On June 18, 2004, Eni submitted to the Antitrust Authority a proposal entailing the sale to third parties of a total of 9.2 BCM of natural gas in the four-thermal year period starting in October 1, 2004 through September 30, 2008, corresponding to 2.3 BCM for each thermal year, before such natural gas enters the national transmission network at Tarvisio. With a decision of June 24, 2004, the Antitrust Authority judged this proposal adequate to end the effects of the violation of competition rules highlighted in the November 21, 2002 decision. With the decision of October 7, 2004 that closed the above mentioned procedure, the Antitrust Authority acknowledged that Eni had taken proper measures for executing the decision of November 21, 2002 by signing gas release contracts. However, it fined Eni euro 4.5 million alleging that Eni had complied belatedly with the Antitrust Authoritys indications. On December 6, 2004, Eni filed a claim with the Regional Administrative Court of Lazio against this decision requesting the annulment of the fine that was however recorded in Enis accounts. In May 2005 the Regional Administrative Court repealed this claim. Eni paid the fine imposed on it by the Antitrust Authority. In June 2006, the appeal proposed by Eni before the Council of State against the decision of the Regional Administrative Court was rejected. A claim filed by Eni with the Regional Administrative Court of Lazio against the decision of November 21, 2002 is still pending.

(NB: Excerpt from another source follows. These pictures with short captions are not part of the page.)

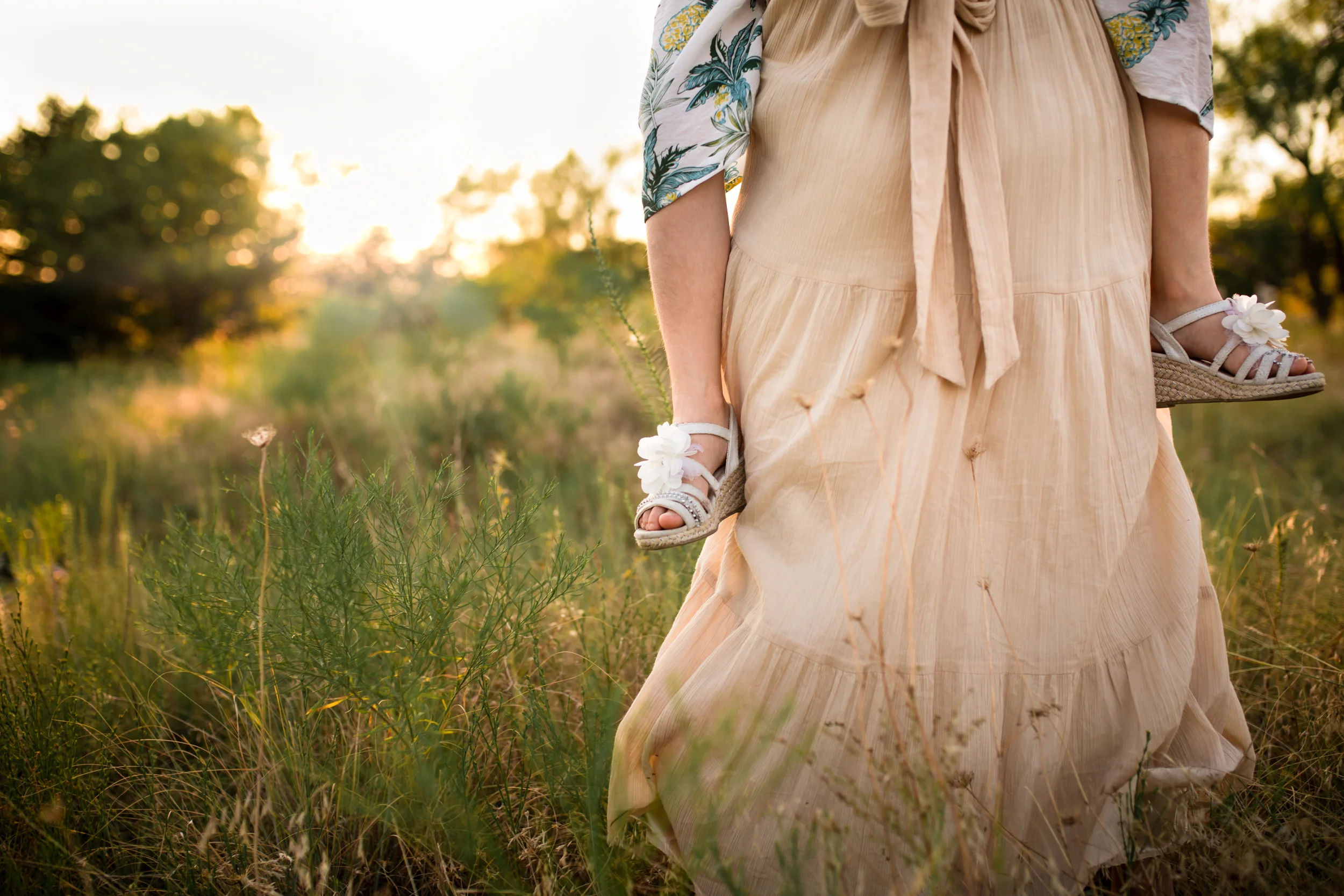 Details-Stacie-Dugas-Photography-Dallas-.jpg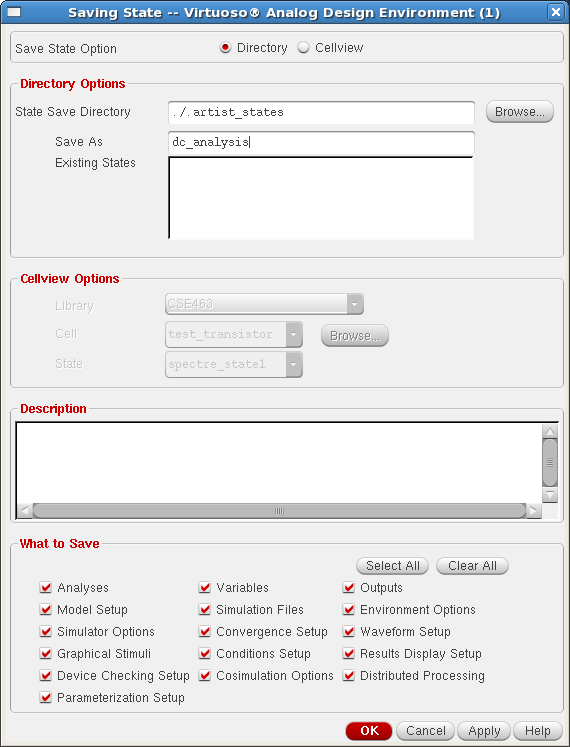 Tutorials-Cadence-SaveState-002.png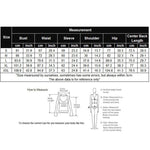 Nadorine Women's Bodysuit 2023 One Piece Asymmetrical Neck Long Sleeve Ribbed Slim Thong Body Suit Tops for Women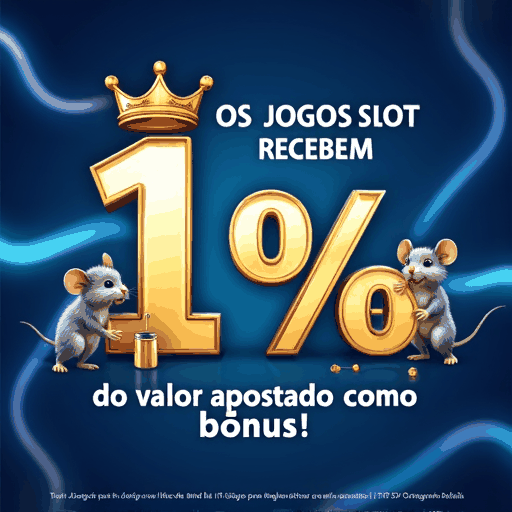 29bet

Inquiry of the Authority on the upgrade of the TTPC Pipeline - Appeal to the Regional Administrative Court for Lazio On February 15, 2006, the Antitrust Authority informed Eni of the closing of an inquiry started in February 2005 to ascertain an alleged abuse of dominant position. The events leading to the opening of the procedure relate to behaviors of Trans Tunisian Pipeline Co Ltd (TTPC), wholly owned by Eni, concerning its decision to consider expired certain ship-or-pay contracts signed on March 31, 2003 by TTPC with four shippers, who had been assigned new transport capacity on TTPCs pipeline, due to the non occurrence of certain suspensive clauses. Therefore TTPC decided to not proceed to the planned upgrade of the pipeline by 2007.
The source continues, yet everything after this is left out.